The European parts catalog shows two different types of windshields, as I noted above. There are actually three different part numbers, but two represent the same type of glass, just with or without provision for a rainsensor underneath the rear view mirror. When I get back to Canada, I'll ask the parts specialist at my VW dealer to check the NAR (North American Region) parts catalog and see if it is the same.
Michael


----------



## PanEuropean (Nov 3, 2001)

*Re: Heat-insulating Glass or not? (cb391)*


_Quote, originally posted by *cb391* »_...none of the glass codes you listed are on the stickers you suggested.

I noticed that too, when I was looking at a European Eos production sticker to try and find the glass code. It is possible to get a more detailed build specification (production code listing) from your VW dealer, now that the North American VW dealers have access to the ELSA on-line maintenance system that has long been used in Europe.
Speak with the service manager at your dealership, and ask them if they can look up and print a detailed production code list for your car. 
Michael


----------



## Canadian Lurker (Nov 11, 2006)

*Re: Heat-insulating Glass or not? (PanEuropean)*


_Quote, originally posted by *PanEuropean* »_In any case, if you have IR glass (the troublesome stuff) which has a metallic film laminated in between the two panes of glass, it can easily be identified by the presence of the letters 'IR' on the windshield label - see the photos.
Michael

Thanks Michael, I've now done two things:
- checked the windshield and found no "IR" marking at all, and then
- tried driving a short trip on the 407 with the Transponder on the dash and confirmed that it worked
So, the conclusion is that there is no heat-insulating glass in my Eos. It's curious that they mention it in the manual though.

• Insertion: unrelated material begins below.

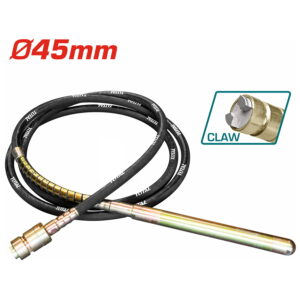 TOTAL ΕΠΑΓΓ. ΕΥΚΑΜΠΤΟΣ ΑΞΟΝΑΣ (ΜΑΡΚΟΥΤΣΙ) Claw type Φ-45mm / 6m (TPVP1451)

So, either it's an error or it is possibly being included in the 3.2??








JJ


----------



## cb391 (Mar 12, 2006)

*Re: Heat-insulating Glass or not? (PanEuropean)*

Michael, 
Thank you for the help. I will check tomorrow with my dealer and I'll let you know what they come up with.


----------



## PanEuropean (Nov 3, 2001)

*Re: Heat-insulating Glass or not? (Canadian Lurker)*


_Quote, originally posted by *Canadian Lurker* »_So, the conclusion is that there is no heat-insulating glass in my Eos.

JJ:
I think we have to be careful with how we interpret the translation of words from German to English. We did encounter this same problem when we were trying to figure out Phaeton windshield specifications. It turned out that the minimum equipment fitment on the base Phaeton was 'dammglas' (heat blocking glass), and the upgrade from that was 'infra-red resistant glass'. In other words, all of the windshields blocked heat one way or another, but with different technologies.
My guess (emphasis: guess) is that the basic windshield for an Eos will be heat-blocking glass - because this only makes sense for a car that is intended to be used in warm, sunny environments - and the upgrade windshield will be a metallized windshield that is probably infra-red resistant, but may also incorporate some other technology for blocking heat.
To be honest, I have never been able to figure out the functional difference between the two windshield types (heat-blocking glass and IR resistant glass). I have the IR glass in my car, but I have driven other Phaetons that have the heat blocking glass, and I just can't see any difference between the two. The IR glass has a fractionally different appearance to it if you look at the glass obliquely, but if you look straight through it (like we normally do when we drive), it appears to be the same. Both cars (with and without IR glass) heat up at about the same rate if left in the sun with the windows closed.
Michael


----------



## Speedster356 (Aug 7, 2006)

*Re: Heat-insulating Glass or not? (WolfsburgerMitFries)*

I opted for a heat insulated windscreen for my EOS.
It is marked IR.
I will post pictures soon!
It also has a “window” area near the top, for devices such as GPS and cell phones to operate correctly!


----------



## Speedster356 (Aug 7, 2006)

*Re: Heat-insulating Glass or not? (Speedster356)*

Pictures of the thermoinsulated windscreen!


----------



## kghia (Nov 16, 2006)

*Re: Heat-insulating Glass or not? (Speedster356)*

wow! the joys of living in the Land of the Free...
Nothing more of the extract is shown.